Your goal :: Among the entries below, copy only the span from the line containing "Maison 4 chambres" through the line containing "Photo showing: Hilaire Belloc's family grave". Do so exactly, and skip the pictures.

Data ::
⁂

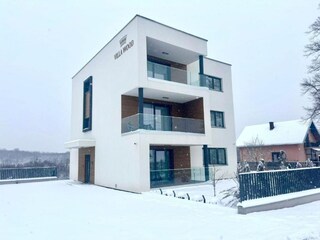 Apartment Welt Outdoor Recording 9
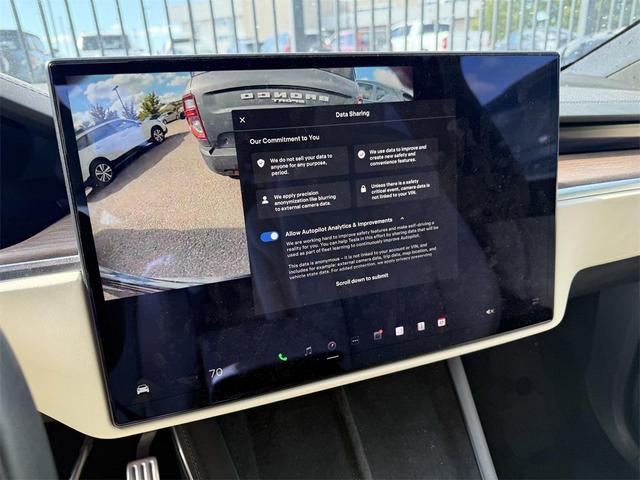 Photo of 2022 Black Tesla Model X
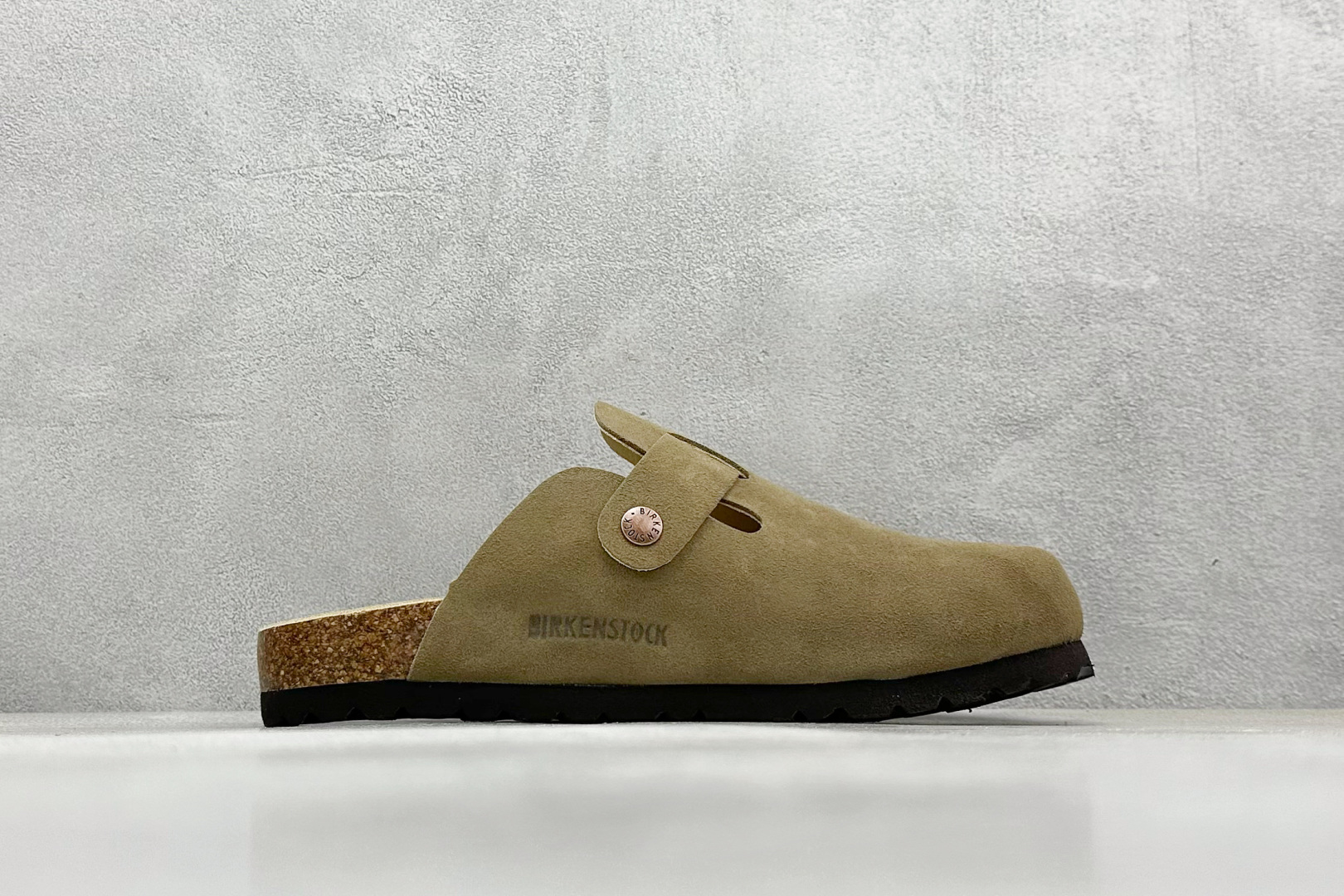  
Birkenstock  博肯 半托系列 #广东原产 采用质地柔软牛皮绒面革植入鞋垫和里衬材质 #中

⁂

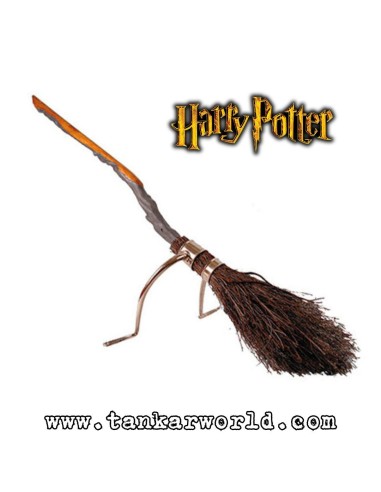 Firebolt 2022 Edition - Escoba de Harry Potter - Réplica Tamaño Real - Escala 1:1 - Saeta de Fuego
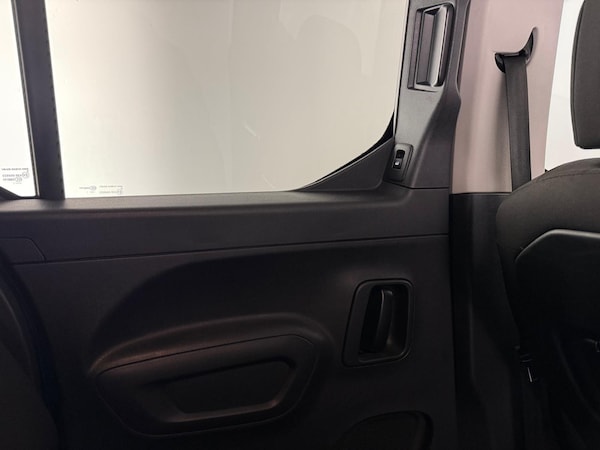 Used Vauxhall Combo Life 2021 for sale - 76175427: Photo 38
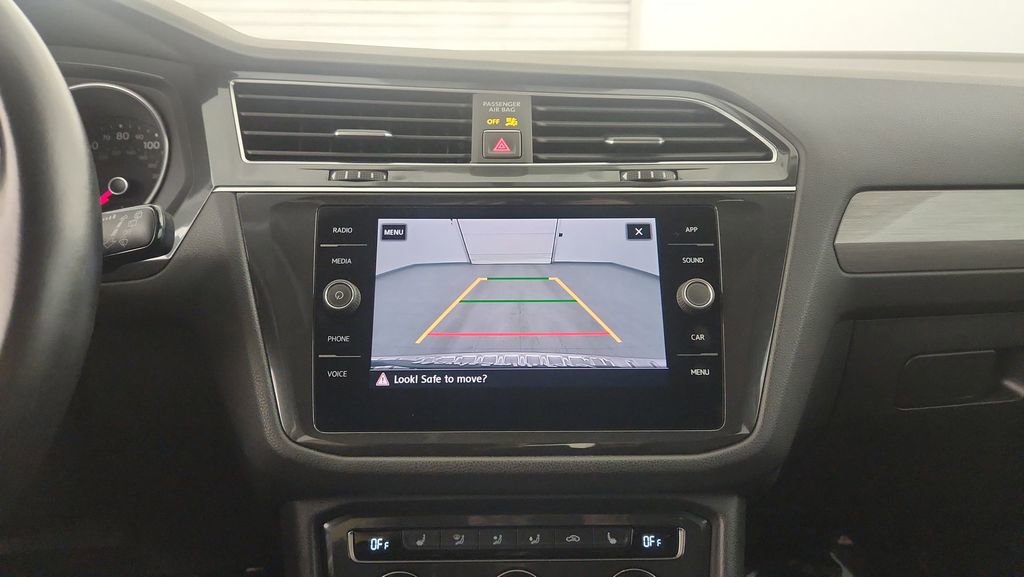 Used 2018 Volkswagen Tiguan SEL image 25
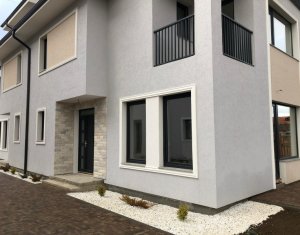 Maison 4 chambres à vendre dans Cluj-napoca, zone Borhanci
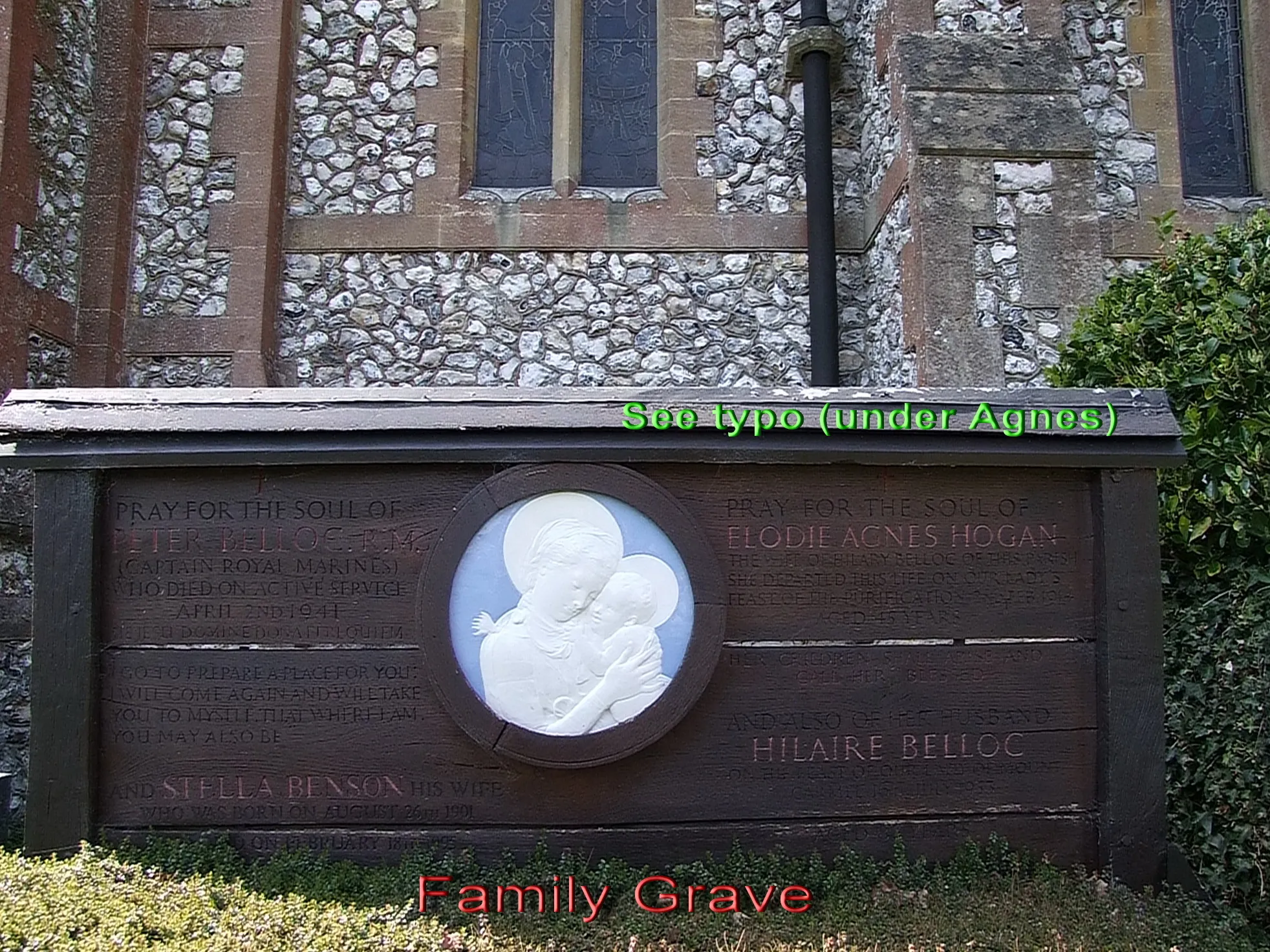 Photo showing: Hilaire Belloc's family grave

⁂

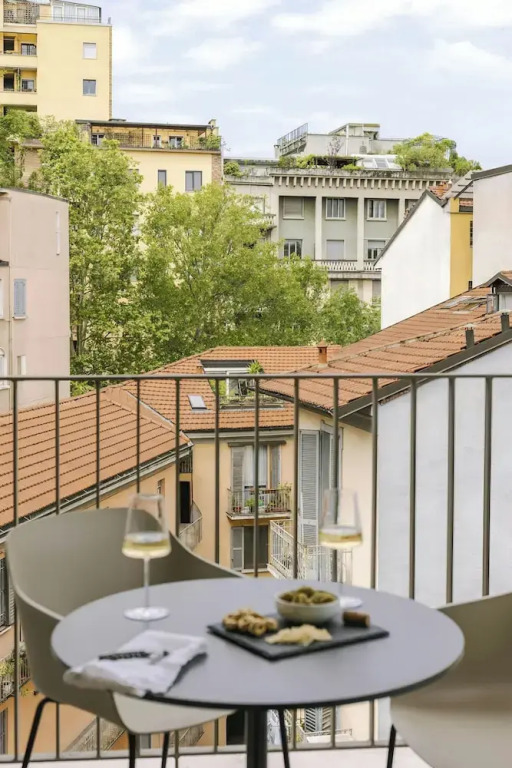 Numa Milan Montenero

⁂

Task solution ::
 Maison 4 chambres à vendre dans Cluj-napoca, zone Borhanci
 Photo showing: Hilaire Belloc's family grave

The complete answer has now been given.